* GIVEN INFORMATION

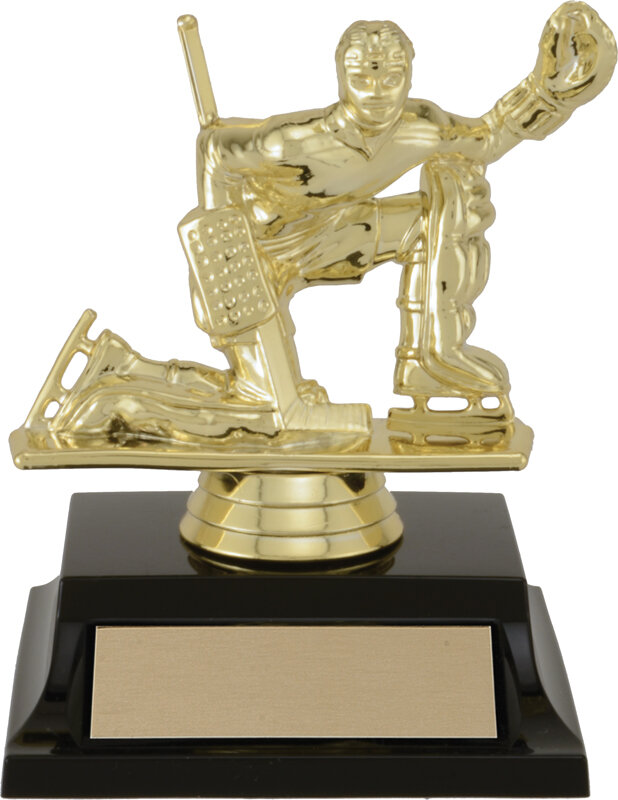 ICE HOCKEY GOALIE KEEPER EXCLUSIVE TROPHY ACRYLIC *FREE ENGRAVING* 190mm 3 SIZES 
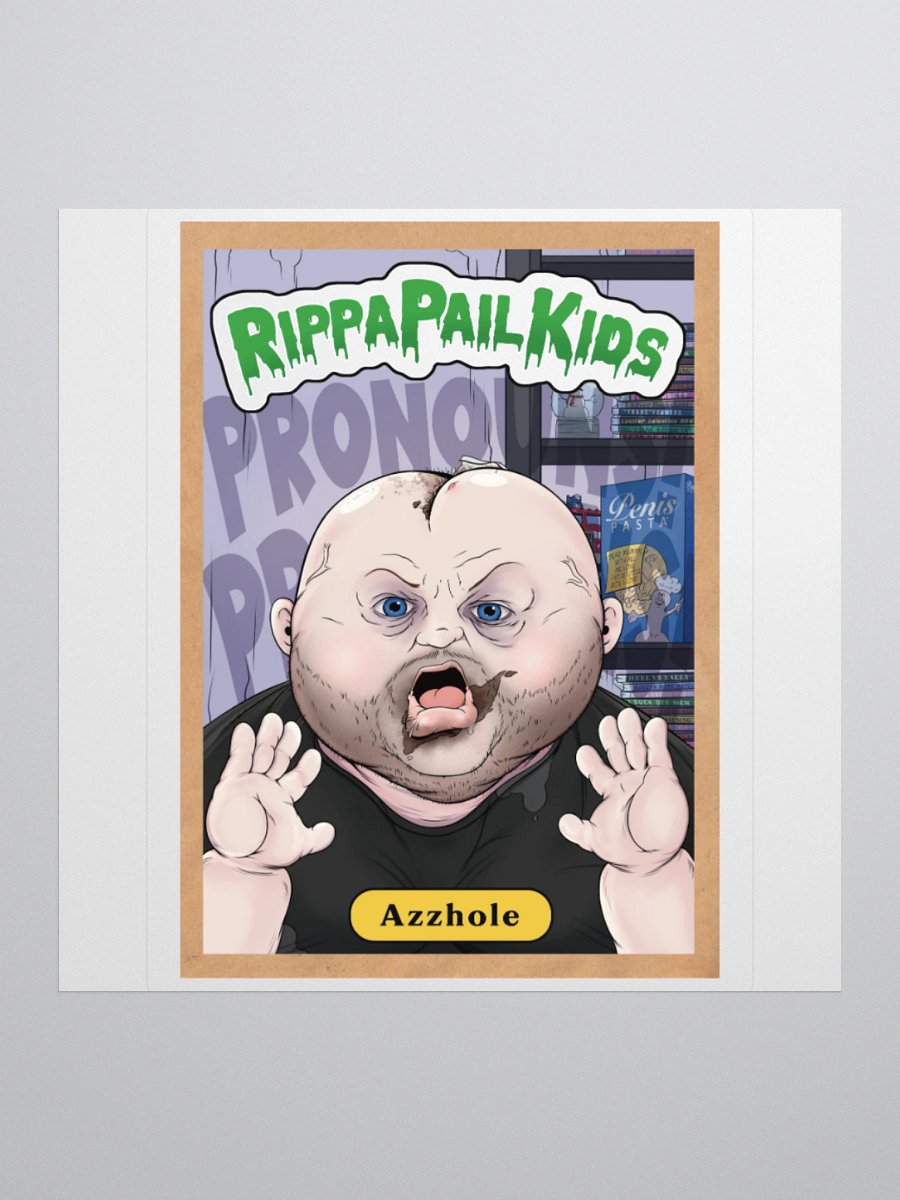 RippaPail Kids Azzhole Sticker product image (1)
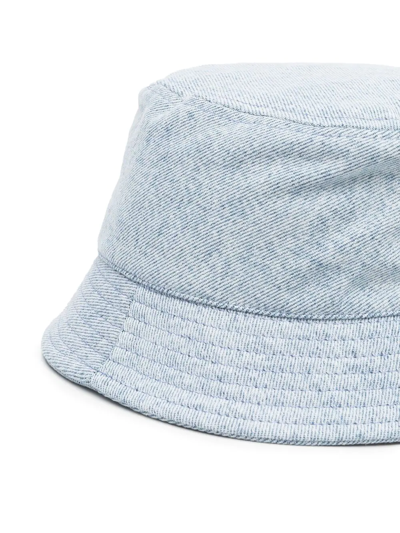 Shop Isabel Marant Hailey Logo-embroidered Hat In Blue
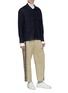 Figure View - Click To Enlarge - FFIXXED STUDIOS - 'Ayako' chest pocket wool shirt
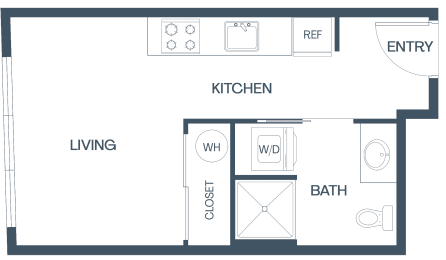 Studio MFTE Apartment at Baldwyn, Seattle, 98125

* * *

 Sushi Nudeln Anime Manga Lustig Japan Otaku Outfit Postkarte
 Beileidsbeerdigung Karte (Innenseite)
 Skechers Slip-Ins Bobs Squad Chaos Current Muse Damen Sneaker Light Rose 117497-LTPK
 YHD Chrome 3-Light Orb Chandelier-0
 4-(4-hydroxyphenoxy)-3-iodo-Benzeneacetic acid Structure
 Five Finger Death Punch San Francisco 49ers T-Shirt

...

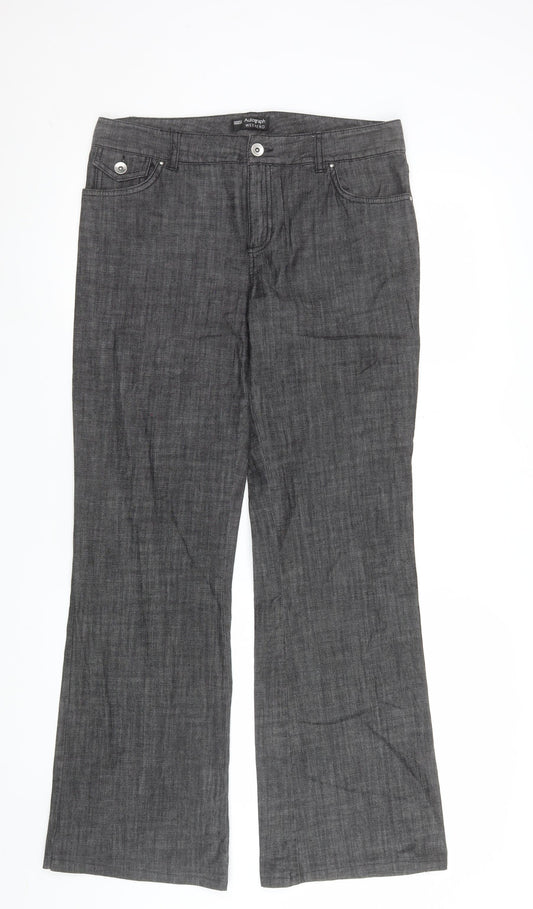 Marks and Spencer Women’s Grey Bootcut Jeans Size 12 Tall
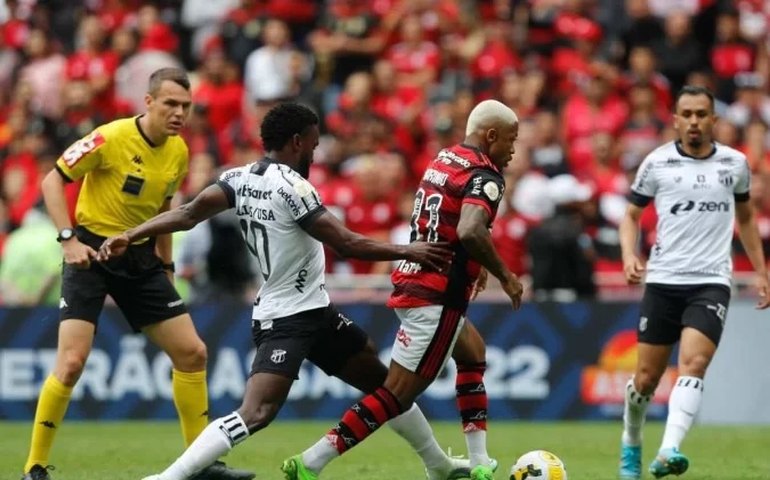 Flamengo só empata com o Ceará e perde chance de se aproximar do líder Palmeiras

* PROBLEM DESCRIPTION
Report the number of lines in the material above that contain "Light". Nothing else is wanted.

* ANSWER BELOW
2